Aunque cada día soy menos joven, en la jerarquía familiar aún tengo el rango de nieto, por lo que además de disfrutar de la compañía de mi maravillosa abuela, también estoy exento de organizar los grandes eventos navideños, por mucho que escribiera en Directo al Paladar. No es que me disgustara, pero no imaginaba que me estaba perdiendo el placer de cocinar para la familia.
Ayer mismo tuve al fin la ocasión de encargarme de una pequeña comida familiar, todo gracias a mi tía, que nos juntá a unos cuantos en su casa y me pidió que le hiciera algunas de las recetas que he publicado en el blog. Cómo negarme.
El menú que acordamos, por si tenéis curiosidad, además de las habituales gambas, jamón, patés y demás, fue el siguiente: para los entrantes, unas tartaletas picantes de espárragos, de plato principal, magret pato con salsa de granada, y de postre, el sencillo pero delicioso pastel de chocolate y piña.
Así que dicho y hecho, me fui a comprar los ingredientes y a empezar a cocinar. Nunca suelo cocinar para más de cinco o seis personas --y normalmente para uno o dos-- así que preparar semejante menú para el doble de personas era todo un reto para mi, no tanto por manejar las cantidades, que se soluciona aritmética básica, sino por la logística de preparar todo casi al mismo tiempo.
No voy a entrar en detalles de cómo conseguí salir vivo de esa cocina. Por momentos aquello parecía el camarote de los hermanos Marx, porque tenía a mi sobrinita y a mi prima desgranando granadas, a mi tía arriba y abajo preparando el resto de cosas y yo allí, tratando de dorar cinco magrets de pato al punto mientras vigilaba que no se quemaran las tartaletas.
En realidad todo estaba saliendo bastante bien y no hubo ningún imprevisto, pero notaba como la adrenalina fluía por mis venas, y eso que aún me faltaba lo mejor, porque el auténtico placer de cocinar para la familia es sacar la primera remesa de tartaletas y ver cómo desaparecen de las bandejas al mismo ritmo que la gente se lleva los dedos a la boca en un último intento de retener su sabor.
Lo mismo ocurrió con el pato, incluso a pesar de que había preparado para que sobrara y que el aperitivo fue copioso, apenas quedaron tres tristes trozos en la mesa, ¡Si hasta se comieron la guarnición de cebolla! así que no os podéis imaginar la alegría que inundó mi corazón, y más aún teniendo a mi tía sentada al lado, fiel lectora, disfrutando de lo que había cocinado.

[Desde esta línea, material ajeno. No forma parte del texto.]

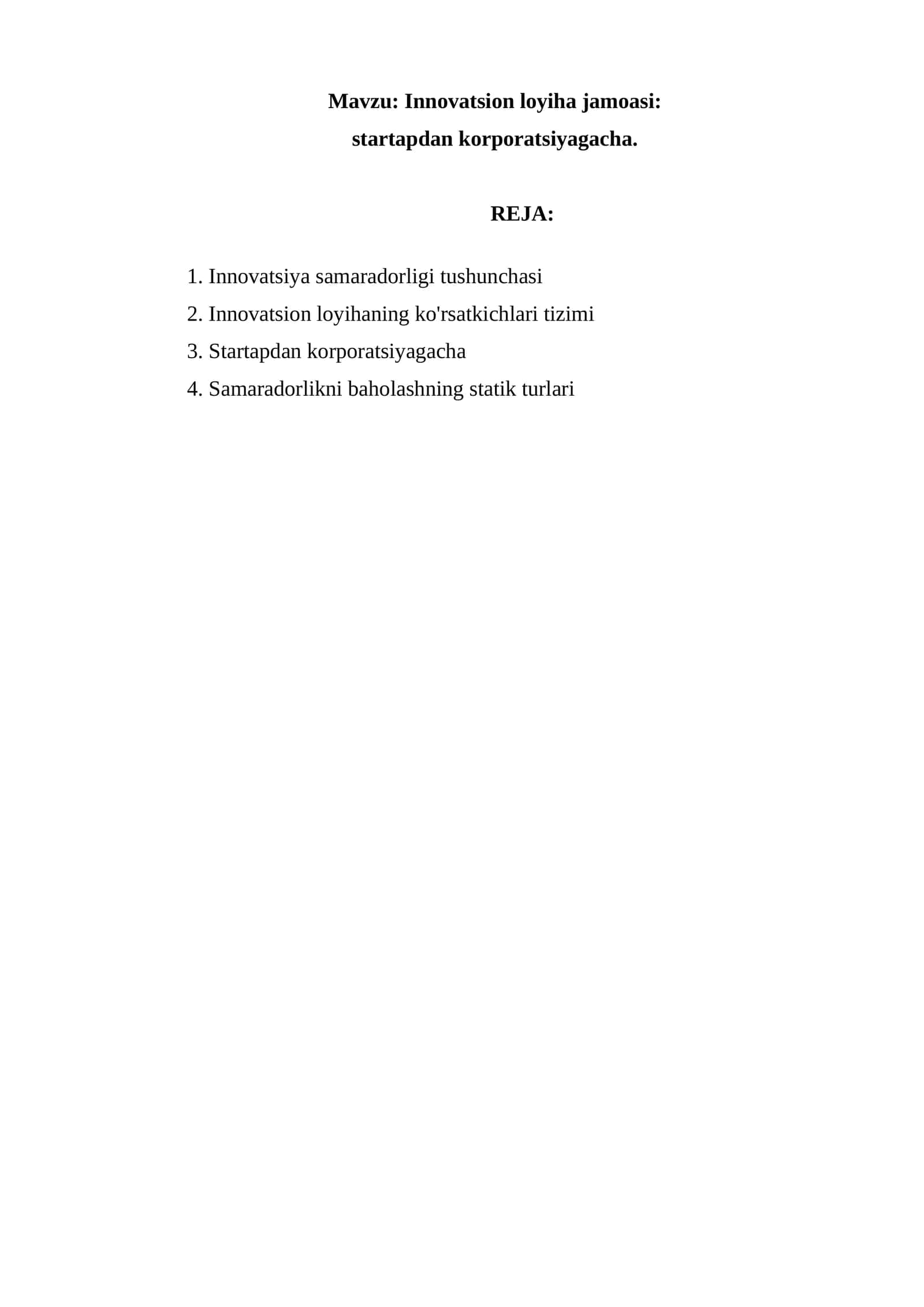 Innovatsion loyiha jamoasi: startapdan korporatsiyagacha 1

Quizás el pastel fue lo que menos triunfó, en parte porque el hambre flaqueaba y en parte porque no me salió tan rica como la vez anterior, incluso menos apetitosa --no tenía mi molde desmoldable y se rompió un poco-- aunque seguía siendo el pastel esponjoso y ligero ideal para rematar una comida abundante.
Sea como fuere, ahí estaba yo, ligeramente reclinado sobre la silla, apurando la copa de vino, observando la felicidad de los presentes, las risas, la alegría en los ojos... y me regocijaba saber que aunque solo fuera un poco, mi comida había colaborado en esa felicidad.
Creo que ahí reside el placer de cocinar para la familia, en poner tu granito de arena para que esos momentos alrededor de la mesa nos hagan olvidar todo lo malo que pueda haber en la vida y podamos disfrutar de la compañía de los seres queridos.